The main problems are white rot (see garlic), leek moth in southern counties (all top growth has to be cut off in August, drastically reducing yields) and leaf rust, which is worst in dry summers and can be reduced by watering.
PARSNIPS As they need a long growing season, parsnips are best sown from early March to mid-April. Soil is more likely to be moist in early spring, helping the long process of germination, and more success is likely in soil with few weed seeds, which otherwise grow ahead of parsnip seedlings and make them invisible. Be sure also to buy fresh seed as germination is poor otherwise.
Thin out seedlings to a final spacing of 10x30cm (4x12in) or 5x60cm (2x24in) for large roots from September. Harvesting after frost gives sweeter flavour and parsnips resist cold better than excessive moisture in heavy soils, where canker (brown rotting on the shoulders) can be a problem.
Cultivars such as ‘Gladiator’ F1 have some resistance to canker while ‘Excalibur’ F1 has extra sweetness and ‘White Gem’ is a reliable, older selection. Maggots of carrot root fly tunnel around parsnips but damage is mostly superficial and can be trimmed off.
PEPPER, SWEET and CHILLI These have similar sowing requirements to tomatoes and grow more reliably indoors, even in hot summers. Plants are much smaller than tomatoes and well suited to containers – the ‘Sweet Orange Baby’ photographed grew happily in a 25cm (10in) pot of multi-purpose compost with no supplementary feeding, although some liquid feed would have increased the yield. Larger peppers are possible with ‘Unicorn’ F1 and ‘Bell Boy’ F1. Note that it needs three or four weeks of warm weather for green peppers to ripen into their final colour, often in early autumn.
TURNIP Generally turnips grow best in autumn from sowings in early August, when flea beetles are less numerous. Aim for a spacing of 5–10x30cm (2–4x12in) depending how large you want the roots, which resist frost and can be harvested as needed. They can also be grown in containers as a late-summer crop after salad, using cultivars such as ‘Primera’ F1 and ‘Tiny Pal’ F1.
WINTER SQUASH The fruit matures in a hard skin with sweet, dense orange flesh. Seed needs warmth to germinate, so sow as for courgettes, preferably indoors to lengthen the season of growing, because British summers are a little marginal on average, especially in the north. Plant in well-composted soil at 1m (39in) apart, keep weeded and then harvest fruits in October when their stalks are drying. If stalks are still soft, the fruit are unripe and will need eating within a month or so, with a less sweet flavour.

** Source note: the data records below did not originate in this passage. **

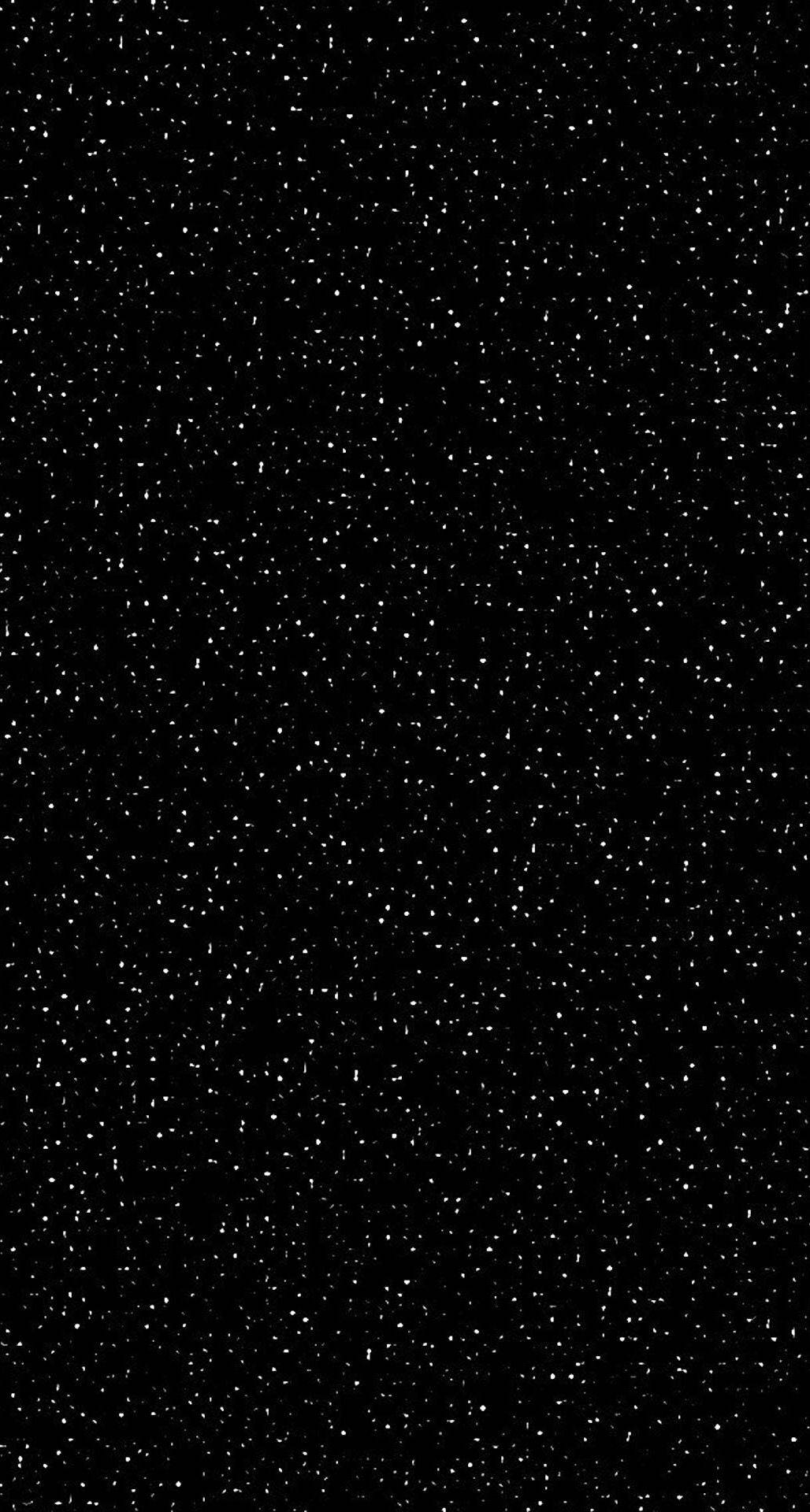Starry Night Sky, black canvas, tiny white stars, Full HD Phone Wallpaper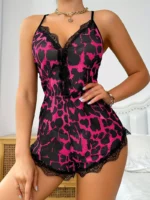 Body de leopardo con encaje de contraste - Imagen 4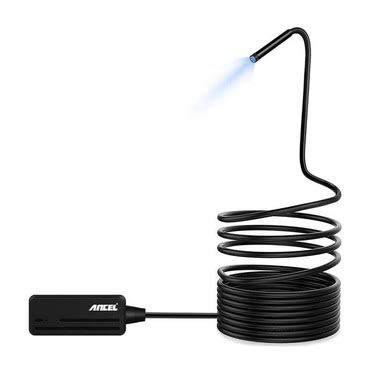 WiFi endoskopska kamera Ancel W655 z 2 MP senzorjem, 5 m kablom in 450 mAh baterijo - črna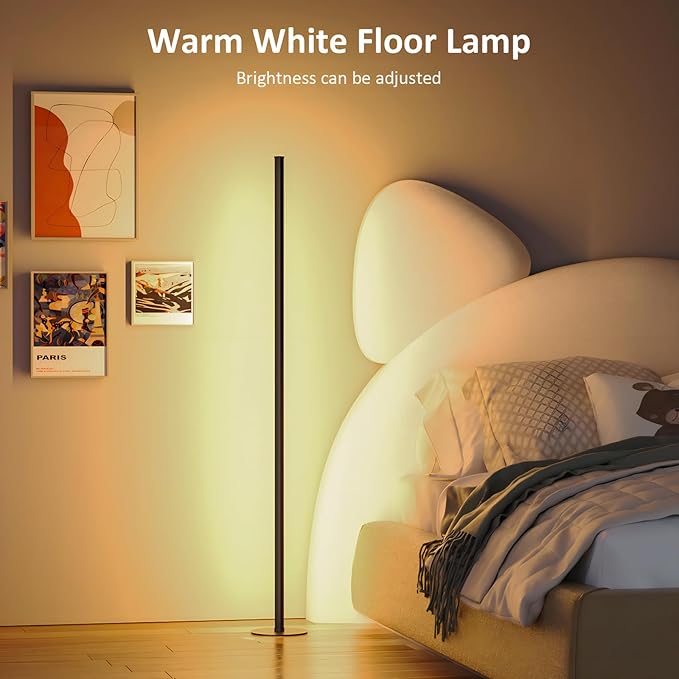 Eastfine Corner Floor Lamp, RGBWW IC Corner Lamp - Image 5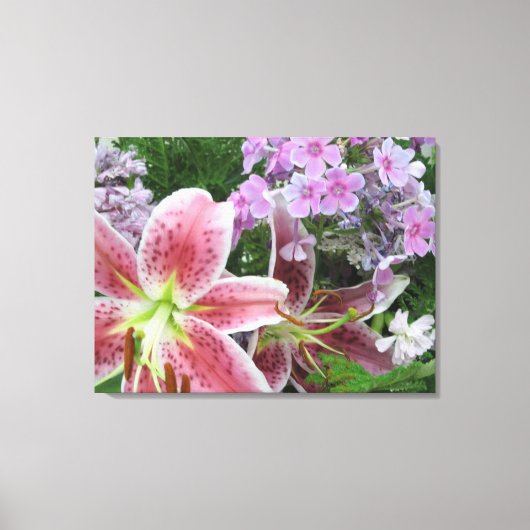 Flowers Canvas - 2 panelen Afdruk (Voorkant)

Cultivars include top-flavoured ‘Butternut’ which matures last of all, sometimes in November; using a British hybrid such as ‘Hunter’ or ‘Harrier’ F1 can ensure earlier but somewhat smaller harvests. ‘Onion’ or ‘Uchiki Kuri’ ripens early, with small bright orange fruit, ‘Crown Prince’ produces fewer and larger fruits, ‘Turk’s Turban’ is highly ornamental as well as tasty, and cultivars such as ‘Harlequin’ F1 with small, high-sugar fruit can even be eaten raw.